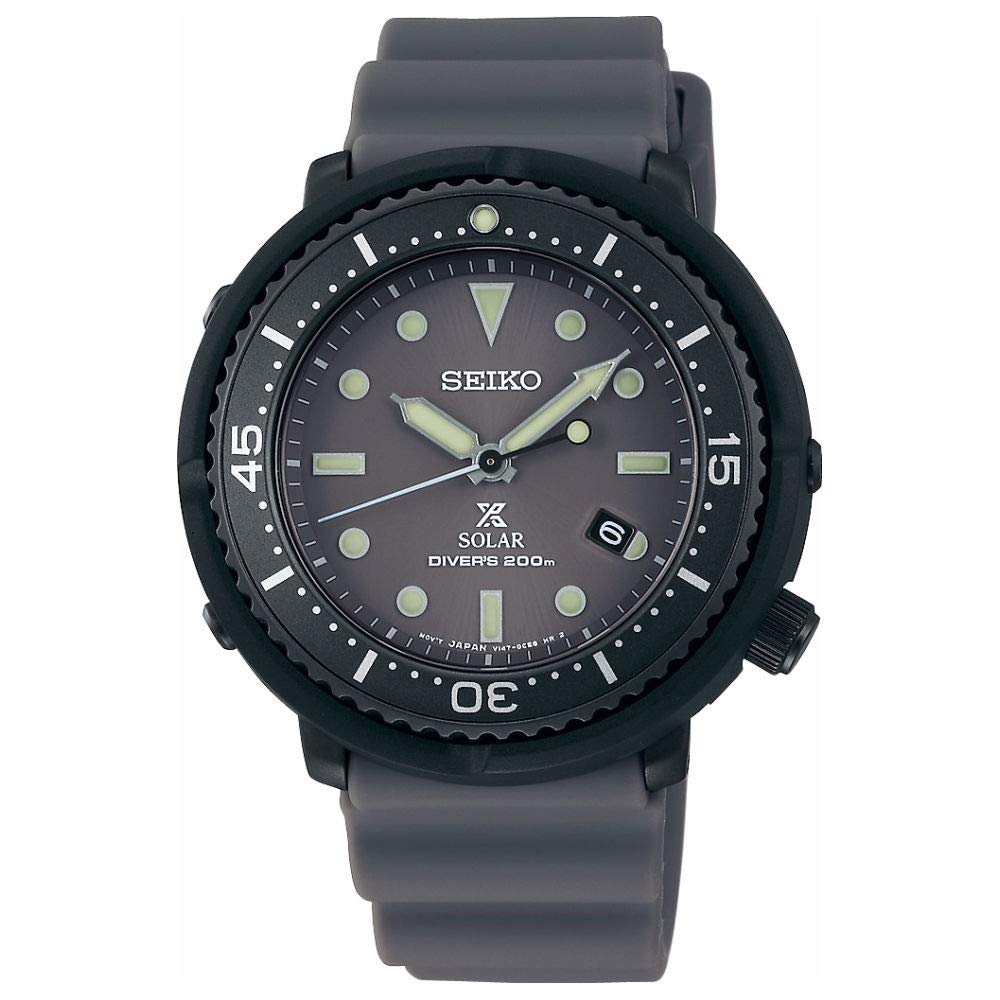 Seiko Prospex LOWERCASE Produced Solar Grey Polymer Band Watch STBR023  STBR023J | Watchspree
******************************
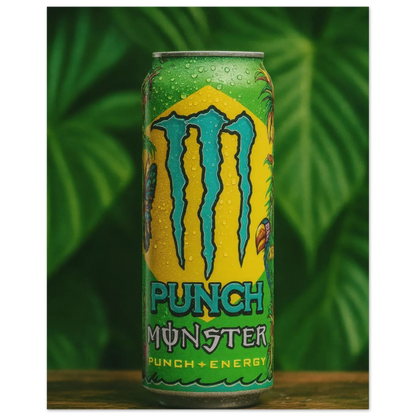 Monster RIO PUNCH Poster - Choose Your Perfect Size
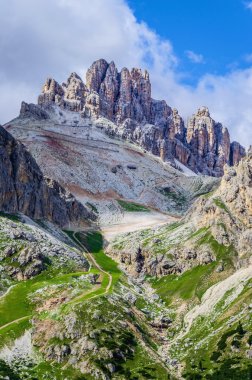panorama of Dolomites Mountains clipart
******************************
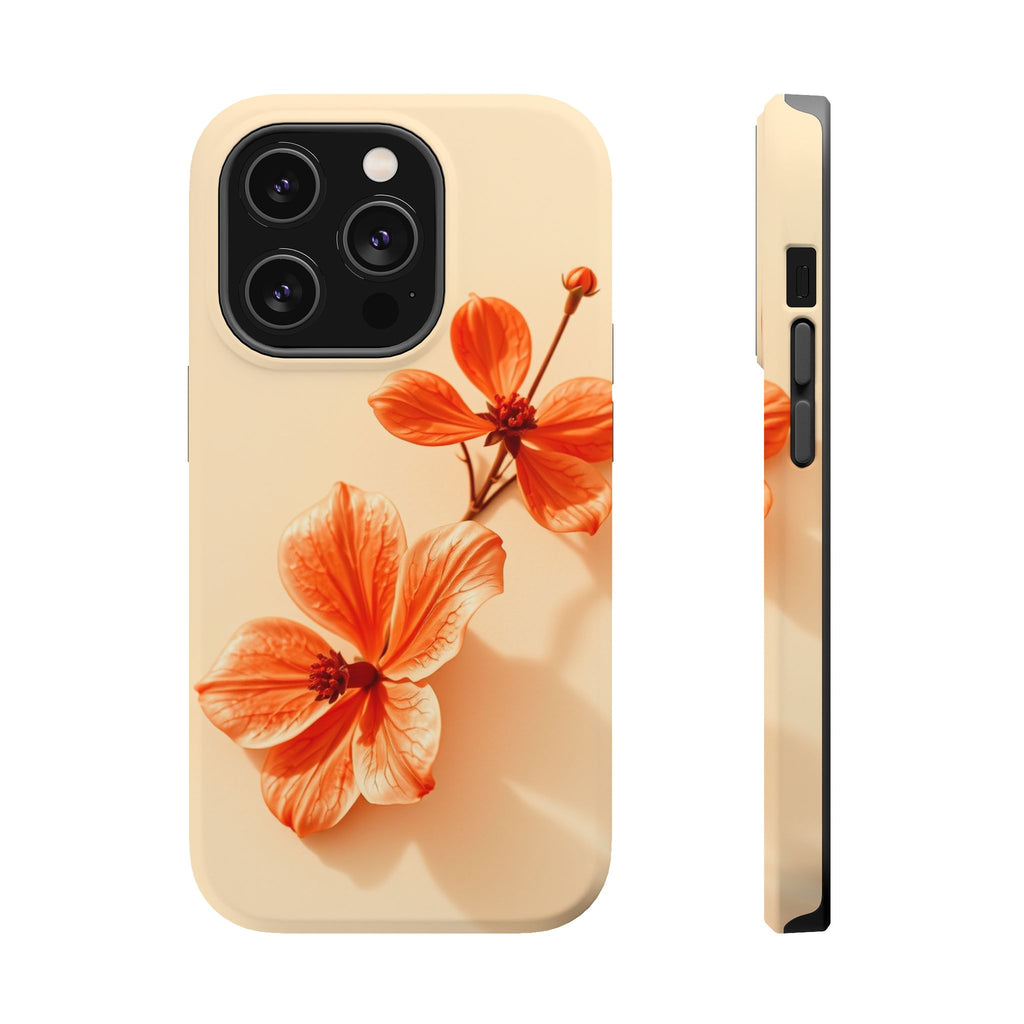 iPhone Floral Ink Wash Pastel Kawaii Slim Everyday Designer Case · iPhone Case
******************************
▸ WORK INSTRUCTIONS: Print, exactly, each line above from the one with "Monster RIO PUNCH" to the one with "panorama of Dolomites Mountains clipart", end lines included. Leave pictures out of it.

▸ EXERCISE ANSWER:
 Monster RIO PUNCH Poster - Choose Your Perfect Size
panorama of Dolomites Mountains clipart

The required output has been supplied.